By late June, the official announcement that the Versailles agreement also included a defensive alliance, combined with the continuous reports of Austrian and Russian troop movements towards his borders, convinced Frederick that more was at stake. He now realised that France had dropped him as an ally, just as Austria had dropped Britain. At the very least, this meant that Austria and Russia were now free from the fear of French intervention if they attacked Prussia.
As in France, the news of the Anglo-Prussian Convention of Westminster had been badly received in Russia, which had been Austria’s ally for a decade. It had convinced the Russian court to abandon the subsidy treaty it had signed, but not ratified, with Britain (Treaty of Saint Petersburg of 30 September 1755, 40 CTS 269) and seek an accommodation with France instead. This also caused the court of Saint Petersburg to work out plans for an attack with Austria against Prussia. Although these plans materialised in the spring of 1756, they were not well enough advanced by the early summer for an offensive to take place in 1756. Kaunitz persuaded his monarchs and the Russian government to postpone the offensive by a year. In the meantime, further negotiations with Versailles on the exchange of the Austrian Netherlands and the Duchies of Parma, Piacenza, and Guastalla might lure France into an offensive alliance against Prussia.
Through his spies at different courts and embassies, Frederick II was kept well-informed about the schemes at Saint Petersburg and Vienna, including the decision to delay. During July 1756, he decided not to await an attack but to anticipate it. His plan was to first attack Austria and occupy Bohemia, thus neutralising the Austrian threat before Russia could bring its weight to bear on operations. His strategy included the invasion and occupation of the Electorate of Saxony, whose ruler Augustus III (r. 1733–1763) was also king of Poland. Frederick suspected the Saxon King-Elector of collusion with Vienna and Saint-Petersburg.
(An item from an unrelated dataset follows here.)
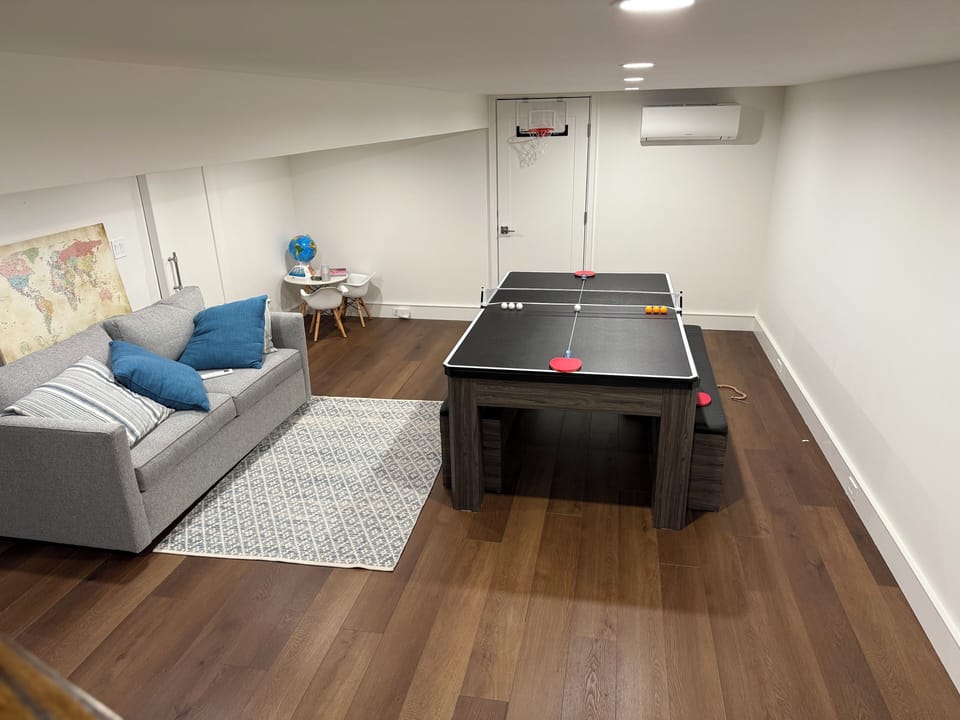 Recreation room with table that converts b/w ping pong, billiards, and craft tbl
With the occupation of the Electorate, he wanted to neutralise its army and assure himself of its rich resources for the duration of the war.
Frederick II understood full well that his plans laid him wide open to French anger. On 26 July 1756, the French ambassador at his court had made it abundantly clear that France would stand by its commitment to Austria in case of a Prussian attack. But to Frederick, it was inconceivable that France’s commitment to a war against Prussia could or would be very serious as it was locked in a war with Britain. In his calculations, the chance of forestalling a joint Austro-Russian attack outweighed the danger of the enmity of France. Moreover, he was full of hope that the French government would quickly come to its senses and see that its true interest lay in opposing Austria’s bid for hegemony in the Empire, where it had lain for over two centuries.
While the outcome of this first – military – gamble would hang in the balance for most of the Seven Years’ War (1756–1763), Frederick’s second – diplomatic – gamble failed within months. Over the summer of 1756, François-Joachim de Pierre de Bernis (1715–1794) and Johann Georg Adam Count Starhemberg (1724–1807), the main brokers of the First Versailles Treaty, had negotiated about strengthening the alliance. While different schemes for the cession of the Austrian Netherlands to France and the Bourbons of Spain had been discussed, the French government still rejected any proposal to partake in an offensive alliance against Prussia. Although the French king’s qualms about his old alliance with Prussia were now a thing of the past as the alliance had lapsed in June 1756, opposition at the French court to such a move remained strong. Apart from the party who actively opposed the alliance with Austria, led by Marc Pierre de Voyer de Paulmy, Count of Argenson (1696–1764) and Minister of War, there was also resistance from the Navy Minister, Jean-Baptiste de Machault, Count of Arnouville (1701–1794), who wanted to prioritise the naval war against Britain over all else.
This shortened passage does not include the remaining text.